Better Withholding Numbers
Last week I wrote about how the complications inherent in the tax system made it impossible for the IRS to release a promised postcard-sized tax return. Since then, the agency has unveiled a draft of a new, more complicated W-4 form and a redesign of their online tax withholding tool.
The first bit of evidence as to how these are attempting to help one through a difficult system is how the online tax withholding estimator is a rebranding of the withholding calculator. A strict calculation was possible when more people worked one W2 job and their tax picture was more straightforward because of it. That situation has become rarer, though, so the numbers are now more honestly labeled estimates.
These estimates are better, though, for they take into account things left out in the past. One thing that was simple but not always taken into account through older forms and calculation was if a spouse earned money, too. Now, the IRS is trying to accommodate that situation.
One of the biggest pieces left off people’s calculations that is now being handled is money one makes as a contractor. The gig economy is not only inhabited by those who work full-time in those gigs, but by those working on the side for some extra money. Often, those people can be under the impression that the money begin taken out of their paychecks at those primary jobs is going to cover their tax obligation. If you have not personally taken into account that you are going to make that money, though, then chances are good it is not being covered. These new tools allow you to put that money into the calculations and keep surprises from happening come tax time.
Unfortunately, many people do not make these adjustments until it is too late.
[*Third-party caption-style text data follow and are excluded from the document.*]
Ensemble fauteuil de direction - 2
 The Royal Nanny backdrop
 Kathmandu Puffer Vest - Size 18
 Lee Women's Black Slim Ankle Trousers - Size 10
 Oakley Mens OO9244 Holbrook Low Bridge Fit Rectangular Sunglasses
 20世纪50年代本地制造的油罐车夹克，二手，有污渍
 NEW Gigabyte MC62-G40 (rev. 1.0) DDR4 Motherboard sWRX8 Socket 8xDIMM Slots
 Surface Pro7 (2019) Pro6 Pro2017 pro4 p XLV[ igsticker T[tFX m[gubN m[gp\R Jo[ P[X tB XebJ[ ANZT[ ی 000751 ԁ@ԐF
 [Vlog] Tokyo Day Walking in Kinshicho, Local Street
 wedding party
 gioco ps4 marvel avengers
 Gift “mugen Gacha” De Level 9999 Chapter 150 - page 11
I can’t always fault people for this either. If you’re only working these side gigs to make a few hundred dollars a month, that amount of money helps pay the household bills, but it does not seem like a giant amount that’s wildly going to affect your taxes. When at the end of the year, though, those months add up to a few thousand dollars – well, now you’re looking at a tax hit that could be enough to cause an issue.
So let this stand as a warning/recommendation/compulsion to put these more advanced calculations/estimations to work for you. This way you can make sure that when you file your taxes you don’t’ have to worry about getting an extra bill with it. Or maybe you even want to make sure that you keep getting a refund with it (although let’s also talk about how you can get some money automatically put into an account that will get you some interest and give you access to it for emergencies instead of waiting for a government payout). No matter what, staying on top of things will help you know what’s going on, and that knowledge can be powerful. And as always, we are here to help you arrive at the answers you want to find.